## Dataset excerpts
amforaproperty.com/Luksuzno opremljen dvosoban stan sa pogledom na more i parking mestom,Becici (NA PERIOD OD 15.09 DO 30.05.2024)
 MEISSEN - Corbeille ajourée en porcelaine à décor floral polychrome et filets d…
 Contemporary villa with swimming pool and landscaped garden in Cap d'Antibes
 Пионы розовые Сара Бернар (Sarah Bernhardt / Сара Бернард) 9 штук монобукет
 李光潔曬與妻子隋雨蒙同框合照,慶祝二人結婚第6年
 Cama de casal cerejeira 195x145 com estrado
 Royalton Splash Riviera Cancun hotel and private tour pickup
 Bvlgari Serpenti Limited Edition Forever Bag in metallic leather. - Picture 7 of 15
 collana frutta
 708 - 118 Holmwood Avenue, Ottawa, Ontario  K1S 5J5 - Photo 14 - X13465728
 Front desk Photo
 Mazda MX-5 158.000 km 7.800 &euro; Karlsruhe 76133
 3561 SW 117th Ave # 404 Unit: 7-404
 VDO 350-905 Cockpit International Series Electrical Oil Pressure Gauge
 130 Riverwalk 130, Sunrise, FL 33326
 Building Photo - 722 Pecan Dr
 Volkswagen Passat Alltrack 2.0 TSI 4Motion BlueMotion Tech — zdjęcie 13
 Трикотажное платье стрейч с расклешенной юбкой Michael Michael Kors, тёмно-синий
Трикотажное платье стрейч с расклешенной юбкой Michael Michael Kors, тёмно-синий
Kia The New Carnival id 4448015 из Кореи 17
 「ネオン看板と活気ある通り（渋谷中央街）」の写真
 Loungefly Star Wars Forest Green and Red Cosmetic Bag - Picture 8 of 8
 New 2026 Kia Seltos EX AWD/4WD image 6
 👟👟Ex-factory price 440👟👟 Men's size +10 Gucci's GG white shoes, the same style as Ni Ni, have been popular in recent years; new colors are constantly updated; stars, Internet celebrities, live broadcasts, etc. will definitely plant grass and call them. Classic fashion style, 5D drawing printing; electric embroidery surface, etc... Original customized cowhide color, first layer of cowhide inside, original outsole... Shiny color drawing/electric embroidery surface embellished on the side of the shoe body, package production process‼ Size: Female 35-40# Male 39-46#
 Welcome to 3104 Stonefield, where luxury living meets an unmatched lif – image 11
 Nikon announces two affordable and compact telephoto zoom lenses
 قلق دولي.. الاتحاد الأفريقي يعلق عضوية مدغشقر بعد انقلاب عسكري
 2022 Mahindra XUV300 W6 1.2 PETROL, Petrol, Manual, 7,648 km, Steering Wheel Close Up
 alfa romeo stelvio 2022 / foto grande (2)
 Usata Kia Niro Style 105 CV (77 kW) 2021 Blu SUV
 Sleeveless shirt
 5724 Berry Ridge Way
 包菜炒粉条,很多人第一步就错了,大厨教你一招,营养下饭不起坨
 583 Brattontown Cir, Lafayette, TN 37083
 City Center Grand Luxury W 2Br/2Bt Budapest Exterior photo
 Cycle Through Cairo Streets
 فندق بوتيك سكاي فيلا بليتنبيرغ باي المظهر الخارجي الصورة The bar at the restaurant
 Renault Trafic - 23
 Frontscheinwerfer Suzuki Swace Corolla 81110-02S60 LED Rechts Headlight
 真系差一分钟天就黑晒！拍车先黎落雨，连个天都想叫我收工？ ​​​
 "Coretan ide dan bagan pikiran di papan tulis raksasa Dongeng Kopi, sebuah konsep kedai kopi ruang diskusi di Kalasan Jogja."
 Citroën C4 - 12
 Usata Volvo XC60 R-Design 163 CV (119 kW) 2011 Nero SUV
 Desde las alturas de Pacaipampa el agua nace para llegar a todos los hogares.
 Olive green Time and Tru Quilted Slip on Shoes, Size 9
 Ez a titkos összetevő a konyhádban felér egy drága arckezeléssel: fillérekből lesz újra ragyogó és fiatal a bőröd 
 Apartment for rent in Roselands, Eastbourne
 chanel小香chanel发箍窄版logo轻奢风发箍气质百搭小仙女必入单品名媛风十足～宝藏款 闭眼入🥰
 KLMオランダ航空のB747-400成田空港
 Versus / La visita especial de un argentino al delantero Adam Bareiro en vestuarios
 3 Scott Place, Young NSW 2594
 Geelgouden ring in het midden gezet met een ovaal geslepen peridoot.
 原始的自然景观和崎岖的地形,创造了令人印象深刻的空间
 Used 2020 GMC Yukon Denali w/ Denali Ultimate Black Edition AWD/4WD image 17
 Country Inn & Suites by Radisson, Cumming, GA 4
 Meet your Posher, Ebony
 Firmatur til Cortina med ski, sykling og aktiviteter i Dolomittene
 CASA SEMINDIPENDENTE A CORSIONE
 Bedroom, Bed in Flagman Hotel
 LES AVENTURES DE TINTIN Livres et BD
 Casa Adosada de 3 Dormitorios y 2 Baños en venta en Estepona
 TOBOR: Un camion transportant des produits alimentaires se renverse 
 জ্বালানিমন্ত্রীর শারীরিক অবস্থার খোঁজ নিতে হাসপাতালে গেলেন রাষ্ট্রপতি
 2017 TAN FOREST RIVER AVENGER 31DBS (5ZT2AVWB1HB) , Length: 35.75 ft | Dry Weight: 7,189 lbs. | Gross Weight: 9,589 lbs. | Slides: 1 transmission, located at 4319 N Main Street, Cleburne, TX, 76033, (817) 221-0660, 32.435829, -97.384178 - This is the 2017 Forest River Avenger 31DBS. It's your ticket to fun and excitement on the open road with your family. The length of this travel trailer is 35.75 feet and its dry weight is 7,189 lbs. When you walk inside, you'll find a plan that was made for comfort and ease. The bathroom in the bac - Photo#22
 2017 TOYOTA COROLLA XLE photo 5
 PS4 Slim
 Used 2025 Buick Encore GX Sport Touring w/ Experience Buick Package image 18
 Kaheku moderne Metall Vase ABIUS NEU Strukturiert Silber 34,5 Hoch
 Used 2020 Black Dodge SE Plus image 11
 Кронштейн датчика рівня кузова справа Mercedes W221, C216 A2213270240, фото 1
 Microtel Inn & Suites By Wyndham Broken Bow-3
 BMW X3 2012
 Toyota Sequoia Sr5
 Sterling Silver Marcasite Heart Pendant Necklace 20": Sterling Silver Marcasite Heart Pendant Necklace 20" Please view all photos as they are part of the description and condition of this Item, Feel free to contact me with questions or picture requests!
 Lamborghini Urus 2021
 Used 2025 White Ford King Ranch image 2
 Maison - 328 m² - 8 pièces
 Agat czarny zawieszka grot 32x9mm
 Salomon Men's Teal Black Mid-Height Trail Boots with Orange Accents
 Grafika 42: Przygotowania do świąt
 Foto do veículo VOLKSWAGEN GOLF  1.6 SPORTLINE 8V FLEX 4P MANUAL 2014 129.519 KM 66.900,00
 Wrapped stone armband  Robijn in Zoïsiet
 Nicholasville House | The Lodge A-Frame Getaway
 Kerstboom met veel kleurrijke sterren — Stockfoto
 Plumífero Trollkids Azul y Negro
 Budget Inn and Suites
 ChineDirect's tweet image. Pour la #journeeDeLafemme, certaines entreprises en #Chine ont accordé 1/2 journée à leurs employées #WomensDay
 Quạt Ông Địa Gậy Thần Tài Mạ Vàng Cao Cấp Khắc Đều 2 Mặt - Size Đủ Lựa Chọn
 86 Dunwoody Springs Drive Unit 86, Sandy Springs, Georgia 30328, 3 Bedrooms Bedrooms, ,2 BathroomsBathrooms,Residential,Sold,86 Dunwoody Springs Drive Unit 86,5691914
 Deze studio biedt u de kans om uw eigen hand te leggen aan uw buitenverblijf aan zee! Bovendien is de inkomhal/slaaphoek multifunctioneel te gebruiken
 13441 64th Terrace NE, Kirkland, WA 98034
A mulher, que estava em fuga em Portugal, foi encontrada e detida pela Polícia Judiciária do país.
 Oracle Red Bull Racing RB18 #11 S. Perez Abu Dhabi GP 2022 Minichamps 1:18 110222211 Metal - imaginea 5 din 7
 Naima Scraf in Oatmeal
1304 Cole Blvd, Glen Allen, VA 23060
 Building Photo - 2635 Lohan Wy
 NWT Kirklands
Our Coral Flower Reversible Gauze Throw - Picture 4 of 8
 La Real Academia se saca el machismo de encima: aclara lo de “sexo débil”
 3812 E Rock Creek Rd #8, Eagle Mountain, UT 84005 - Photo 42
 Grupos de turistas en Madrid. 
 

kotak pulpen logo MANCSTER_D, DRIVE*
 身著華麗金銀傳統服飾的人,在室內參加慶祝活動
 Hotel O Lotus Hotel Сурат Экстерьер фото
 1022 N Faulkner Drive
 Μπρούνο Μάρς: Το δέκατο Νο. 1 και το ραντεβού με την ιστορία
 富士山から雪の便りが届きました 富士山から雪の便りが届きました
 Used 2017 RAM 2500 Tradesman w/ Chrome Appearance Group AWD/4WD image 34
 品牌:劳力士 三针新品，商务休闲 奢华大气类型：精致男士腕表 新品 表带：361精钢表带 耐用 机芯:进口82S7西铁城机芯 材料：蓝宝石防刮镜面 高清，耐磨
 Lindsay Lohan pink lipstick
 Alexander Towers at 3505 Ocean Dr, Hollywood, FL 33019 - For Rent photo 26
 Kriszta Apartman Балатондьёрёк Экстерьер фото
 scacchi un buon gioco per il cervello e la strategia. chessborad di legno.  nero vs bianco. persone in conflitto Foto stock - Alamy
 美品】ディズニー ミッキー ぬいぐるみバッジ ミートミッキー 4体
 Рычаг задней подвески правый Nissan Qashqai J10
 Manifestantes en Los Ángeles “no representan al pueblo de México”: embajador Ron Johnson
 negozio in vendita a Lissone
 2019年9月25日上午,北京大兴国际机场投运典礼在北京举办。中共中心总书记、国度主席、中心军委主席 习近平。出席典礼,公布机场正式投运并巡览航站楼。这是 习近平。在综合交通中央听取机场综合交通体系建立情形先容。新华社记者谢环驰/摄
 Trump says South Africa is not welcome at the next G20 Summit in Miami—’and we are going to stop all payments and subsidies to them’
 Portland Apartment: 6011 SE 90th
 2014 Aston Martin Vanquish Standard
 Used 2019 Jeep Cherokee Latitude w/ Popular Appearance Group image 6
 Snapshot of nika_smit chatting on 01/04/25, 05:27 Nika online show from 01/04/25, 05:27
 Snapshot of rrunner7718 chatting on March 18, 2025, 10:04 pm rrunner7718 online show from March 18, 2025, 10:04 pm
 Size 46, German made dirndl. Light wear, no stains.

## About this exercise
From the records above, retype only the lines starting at the line that contains "Used 2025 Buick" and ending at the line that contains "Toyota Sequoia Sr5", both included.

## Output for this task
 Used 2025 Buick Encore GX Sport Touring w/ Experience Buick Package image 18
 Kaheku moderne Metall Vase ABIUS NEU Strukturiert Silber 34,5 Hoch
 Used 2020 Black Dodge SE Plus image 11
 Кронштейн датчика рівня кузова справа Mercedes W221, C216 A2213270240, фото 1
 Microtel Inn & Suites By Wyndham Broken Bow-3
 BMW X3 2012
 Toyota Sequoia Sr5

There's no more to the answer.